US Civil War Death Toll Much Higher Than Thought
Historian J. David Hacker argues that the death toll from the US Civil War is much higher than we think.
Even as Civil War history has gone through several cycles of revision, one thing has remained fixed: the number of dead. Since about 1900, historians and the general public have assumed that 618,222 men died on both sides. That number is probably a significant undercount, however. New estimates, based on Census data, indicate that the death toll was approximately 750,000, and may have been as high as 850,000.
The notion that we’ve drastically undercounted the Civil War dead is not a new idea: in fact, Francis Amasa Walker, superintendent of the 1870 Census, estimated that the number of male deaths was “not less than 850,000.” So how did the lower number come to be the accepted count — and why does it matter that it was wrong?
Efforts to identify, rebury and count the dead began as soon as the war ended. A precise count proved impossible, however: both armies lacked systematic procedures to identify the dead, wounded and missing in action, as well as an official means to notify relatives of a soldier’s death. Men went missing; battle, hospital and prison reports were incomplete and inaccurate; dead men were buried unidentified; and family members were forced to infer the fate of a loved one from his failure to return home after the war.
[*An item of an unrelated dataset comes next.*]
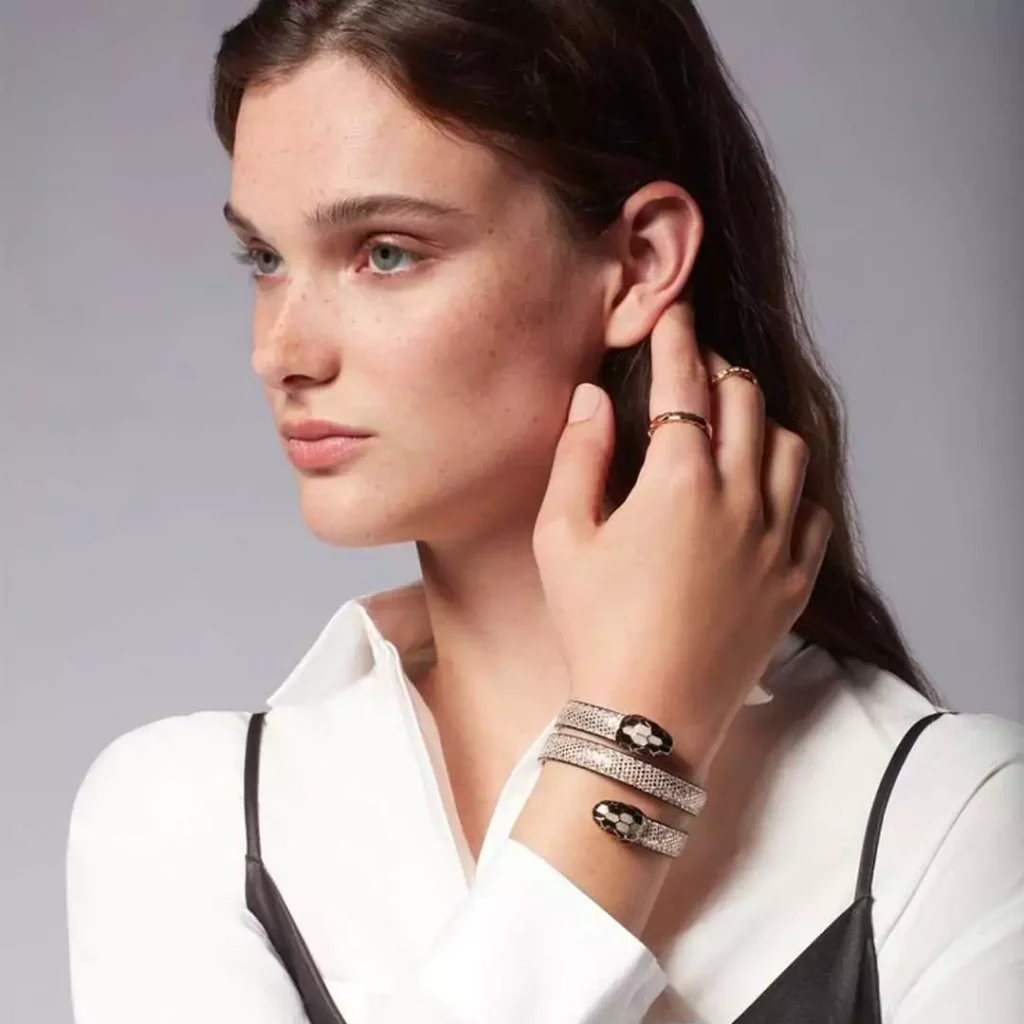 چشم نوازترین دستبند زنانه برند بولگاری (Bvlgari)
Francis Amasa Walker, Superintendent of the 1870 and 1880 Census enumerations, noted the shocking lack of population growth between 1860 and 1870 and blamed the war. He estimated 500,000 Union and 350,000 Confederate deaths, including those who died shortly after the war from maladies caused by their deployment. But his estimates were rejected by those who argued that the low figures were the effect of a systematic undercount.
We now have improved tools for estimation from incomplete data and it appears Walker was on to something.
Using new quantitative sources, we can now make a more comprehensive and accurate estimate of war-related deaths. With one exception, microfilm copies of the original manuscript returns have been preserved for all censuses since 1850 (the 1890 Census manuscripts were lost in a fire). Census microdata samples created from these returns at the Minnesota Population Center make it possible to estimate undercounts by age and sex in censuses back to 1850 and to construct a Census-based estimate of male deaths caused by the war.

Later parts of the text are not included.